* **Work to be completed**:
Taking the line with "Abstract Night Club" as the first and the line with "Banarasi Salwar Suit" as the last, set down the lines below exactly, pictures excluded.

:: Task material ::

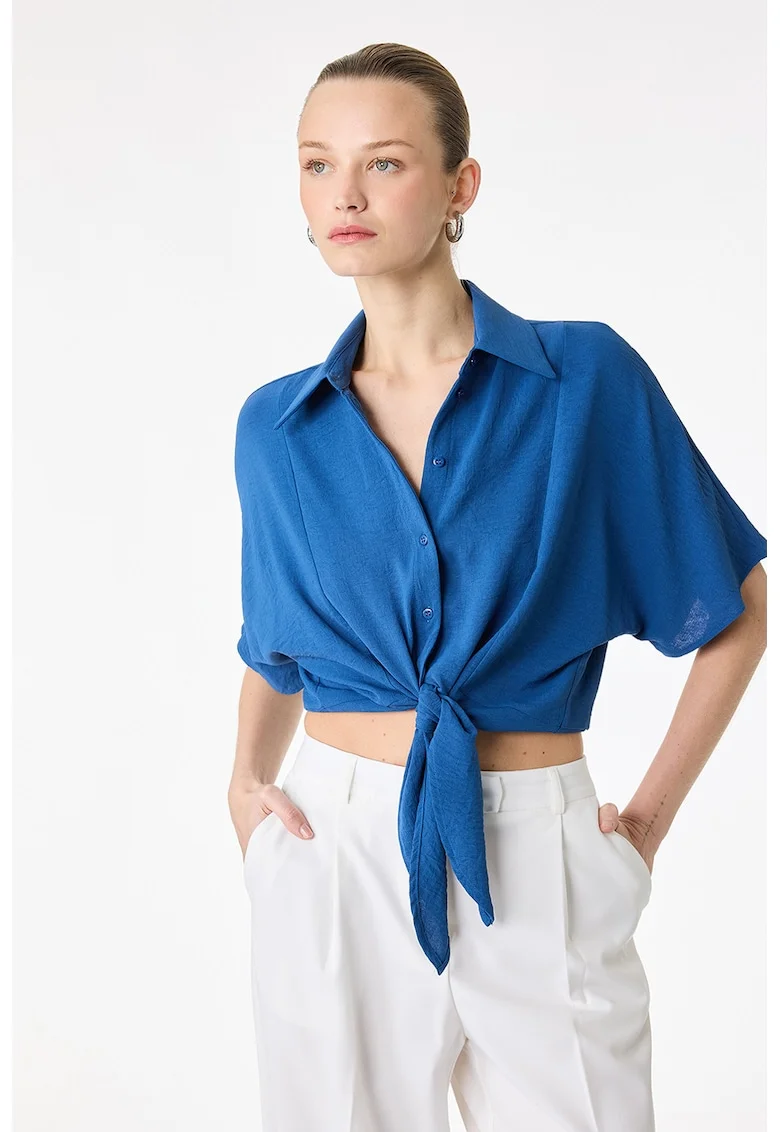 Camasa crop cu croiala lejera, Albastru royal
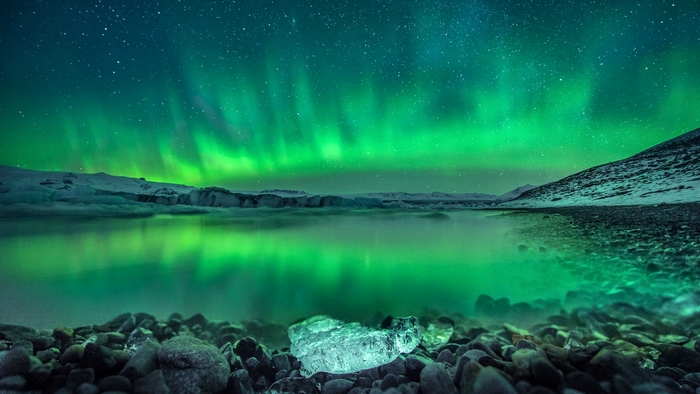 Aurora Borealis over Iceland Glacier Lagoon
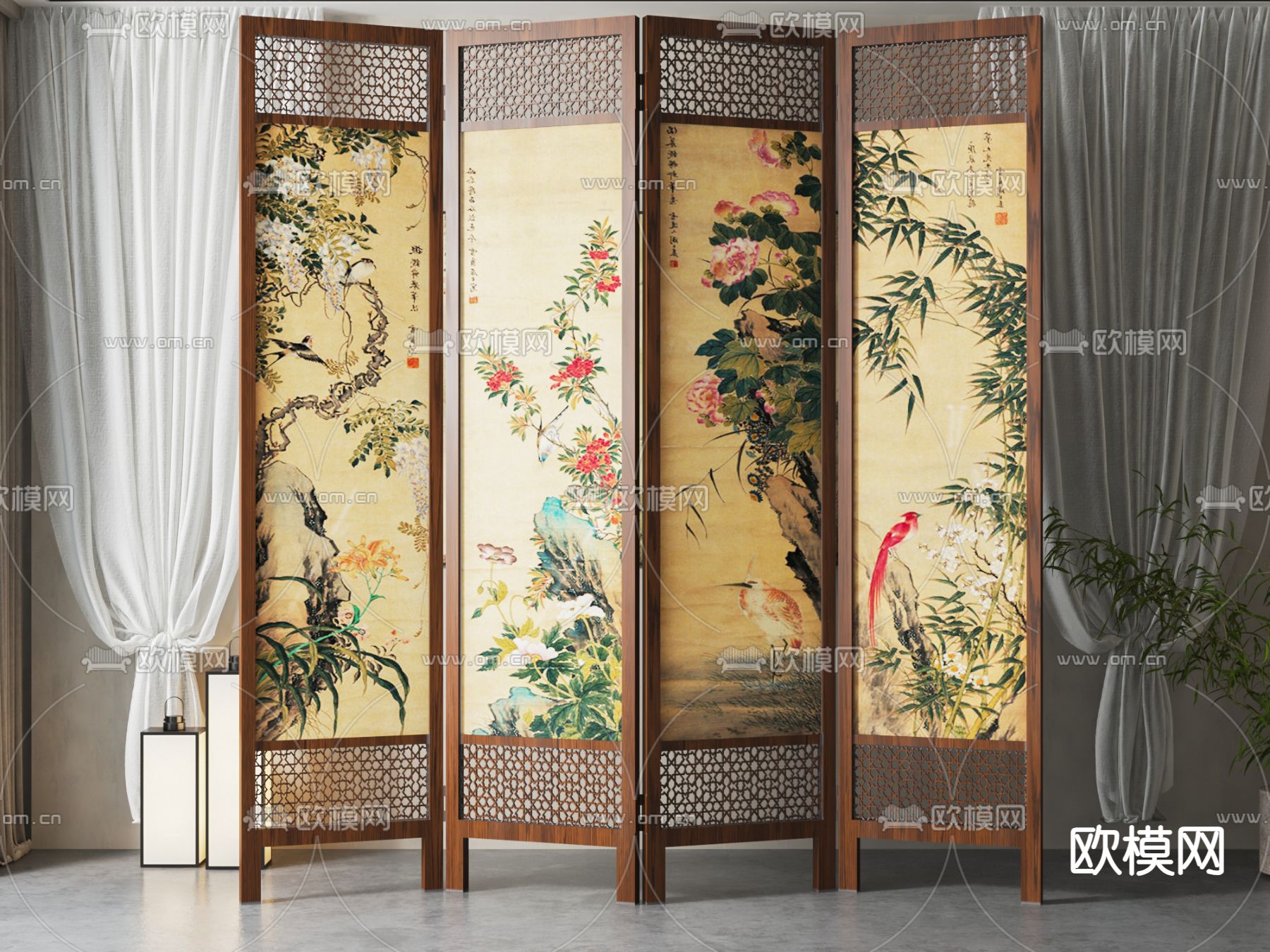中式屏风 隔断su模型下载（渲染图1）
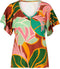 DIDI Dames V-neck top Jeska in offwhite with Seasons print maat 40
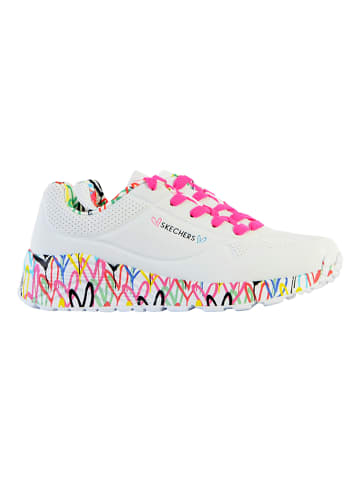 Skechers Uno Lite-Lovely Luv Schnür-Sneaker für Kinder (niedrige Sohle) Weiß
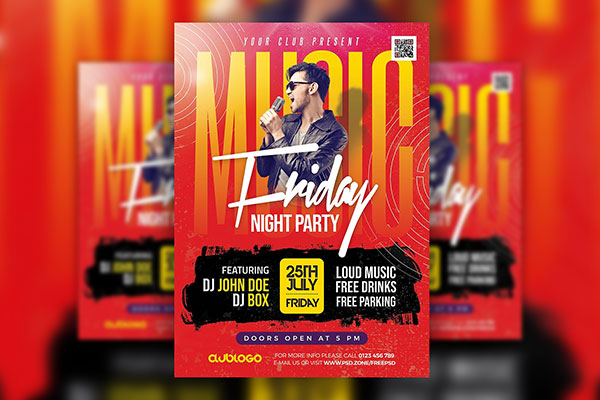 Abstract Night Club Friday DJ Party Flyer Template FREE PSD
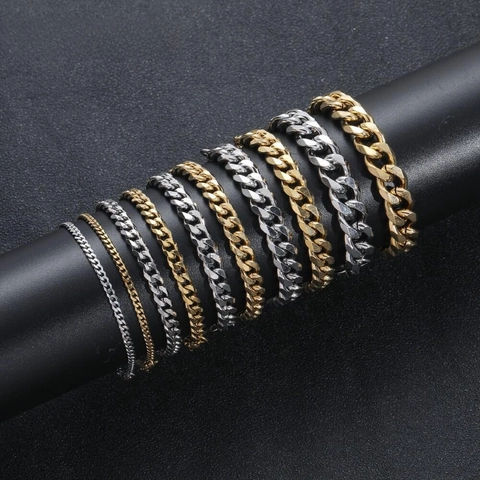 Edelstahl Cuban Link Chain Armband Hip Hop Polierter Metallschmuck Für Männer Und Frauen Mit Hummerverschluss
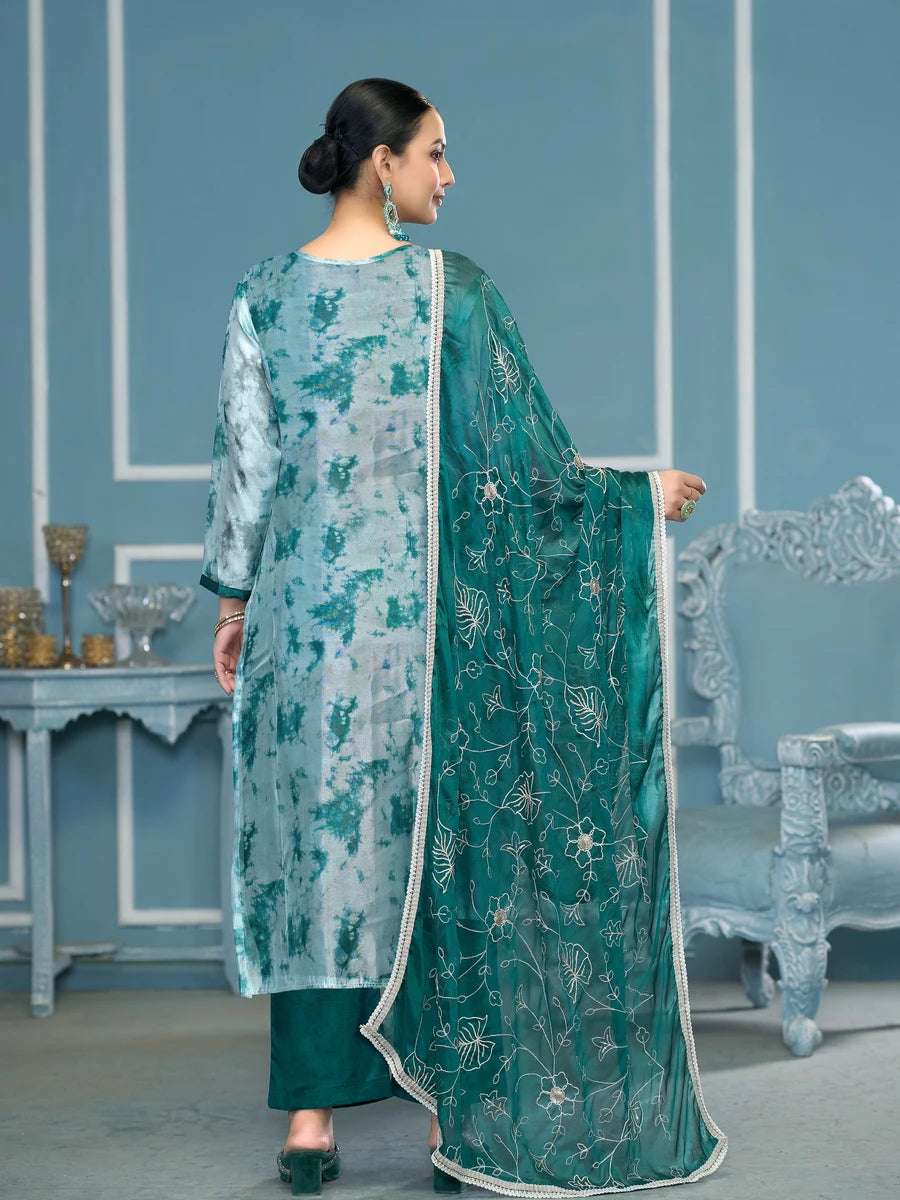 Banarasi Salwar Suit | Organza Dupatta & Dull Santoon Bottom Festive Wear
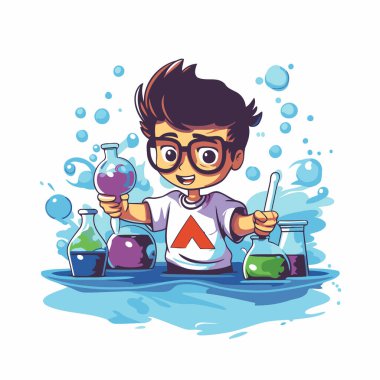 Şirin çocuk bilim deneyleri yapıyor. Beyaz arkaplanda vektör illüstrasyonu.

:::

* **Solution to this task**:
 Abstract Night Club Friday DJ Party Flyer Template FREE PSD
 Edelstahl Cuban Link Chain Armband Hip Hop Polierter Metallschmuck Für Männer Und Frauen Mit Hummerverschluss
 Banarasi Salwar Suit | Organza Dupatta & Dull Santoon Bottom Festive Wear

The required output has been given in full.